• _INSTRUCTIONS FOR THE TASK_: Repeat precisely the line in which "Deterjan, elektrikli süpürge, bez" occurs and all lines that follow it in the entries below. Pictures must be omitted.

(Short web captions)
*****

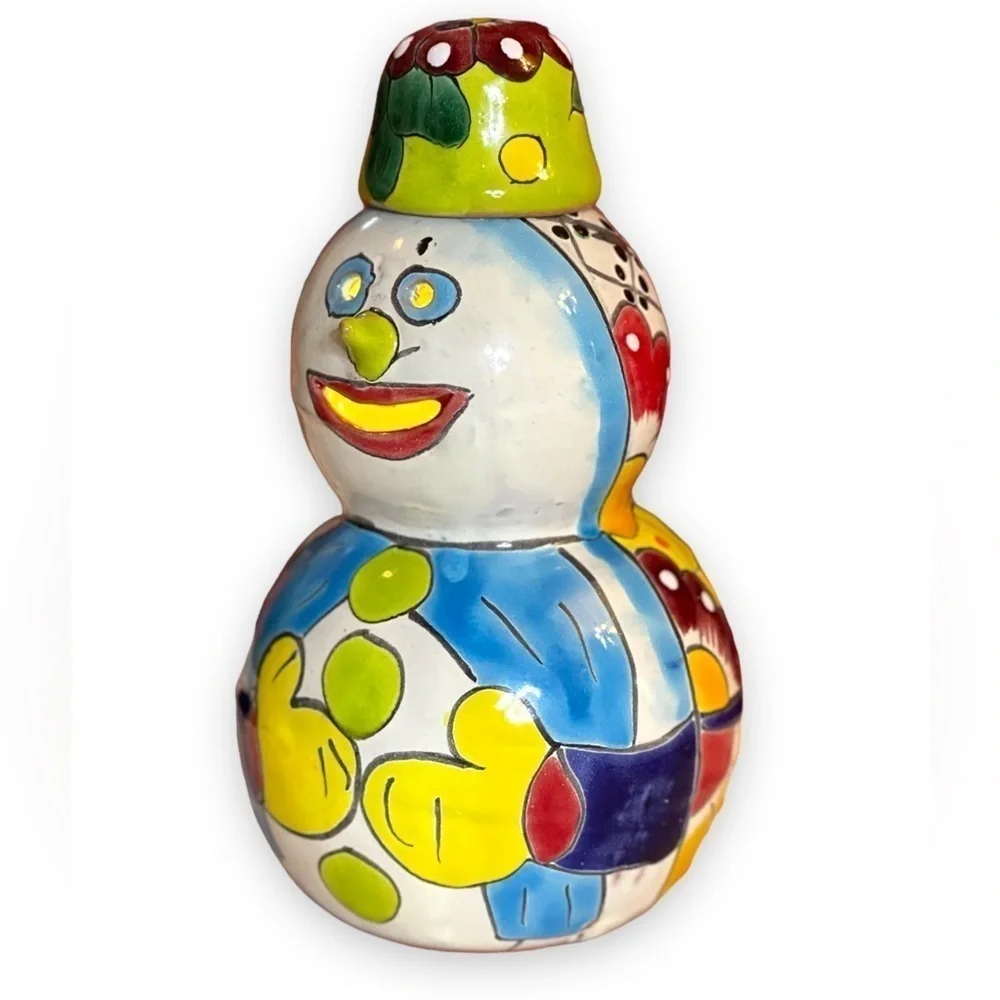 Handmade Ceramic Luminary Snowmen Talaveras Mexico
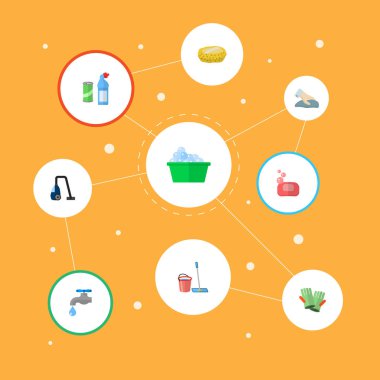 Deterjan, elektrikli süpürge, bez ve diğer simgeler web mobil app logo tasarımı için hijyen simgeler düz stil sembollerle kümesi.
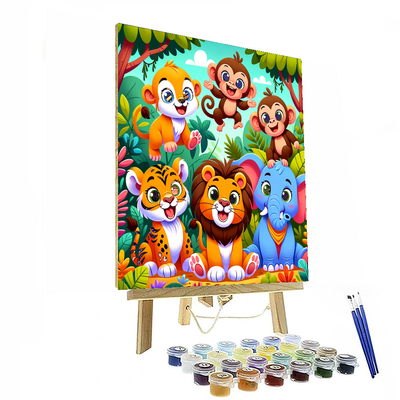 Cute Baby Jungle Animals Paint By Color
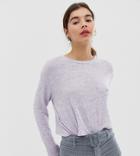 New Look Top With Lattice Back In Lilac-purple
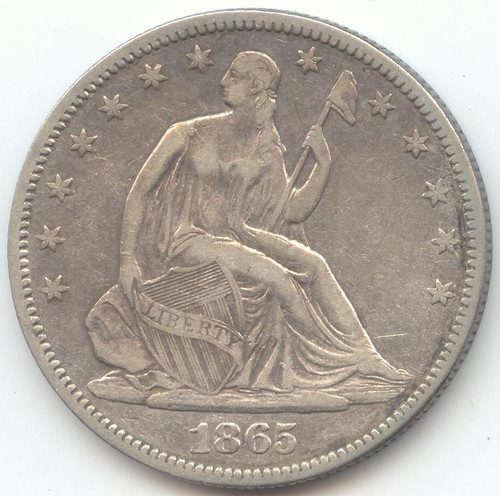 1865 Seated Liberty Half Dollar, XF-AU Details, Scarce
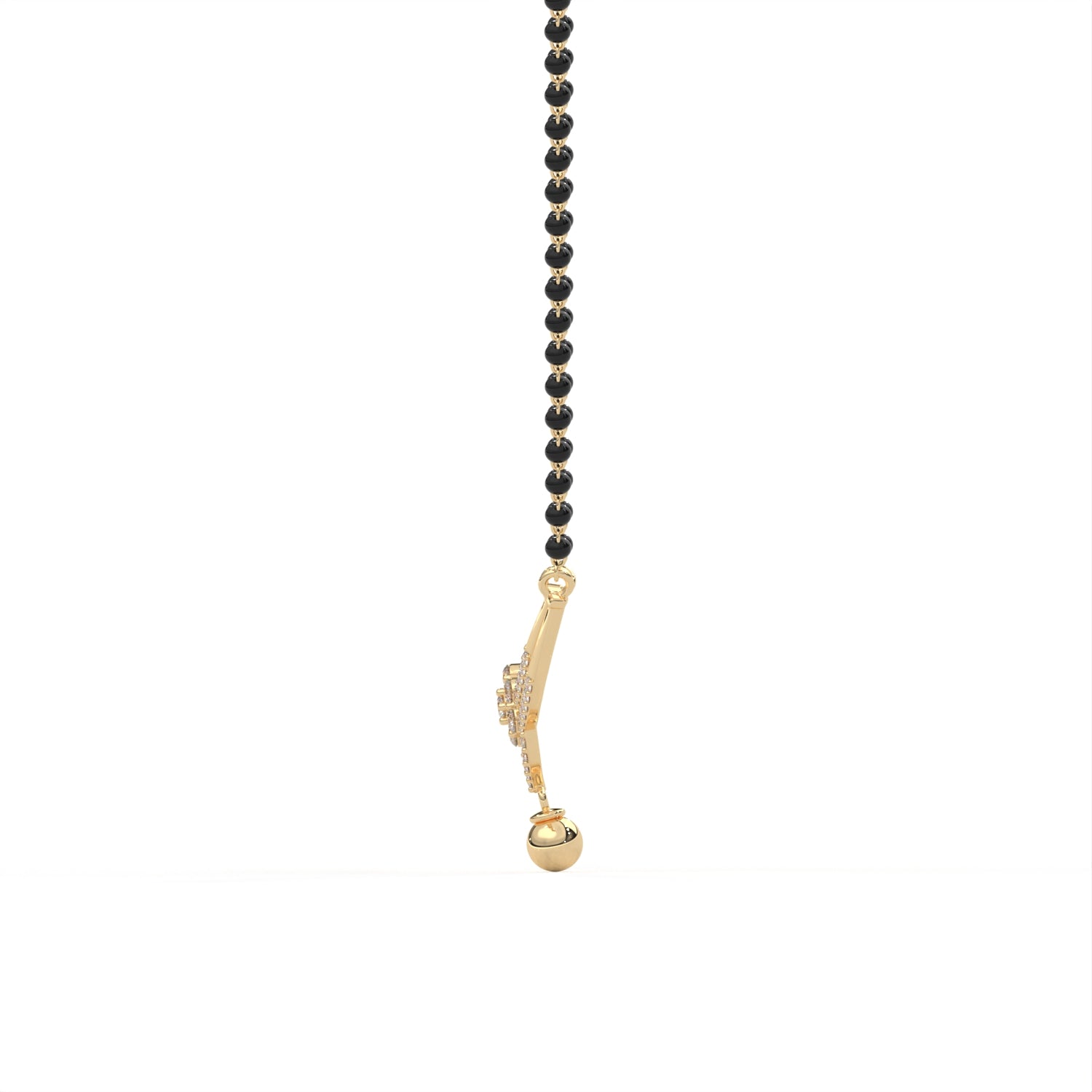 18KT gold Plated Diamond Mangalsutra pendant features a V-shaped design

*****

• _RESPONSE_:
 Deterjan, elektrikli süpürge, bez ve diğer simgeler web mobil app logo tasarımı için hijyen simgeler düz stil sembollerle kümesi.
 Cute Baby Jungle Animals Paint By Color
 New Look Top With Lattice Back In Lilac-purple
 1865 Seated Liberty Half Dollar, XF-AU Details, Scarce
 18KT gold Plated Diamond Mangalsutra pendant features a V-shaped design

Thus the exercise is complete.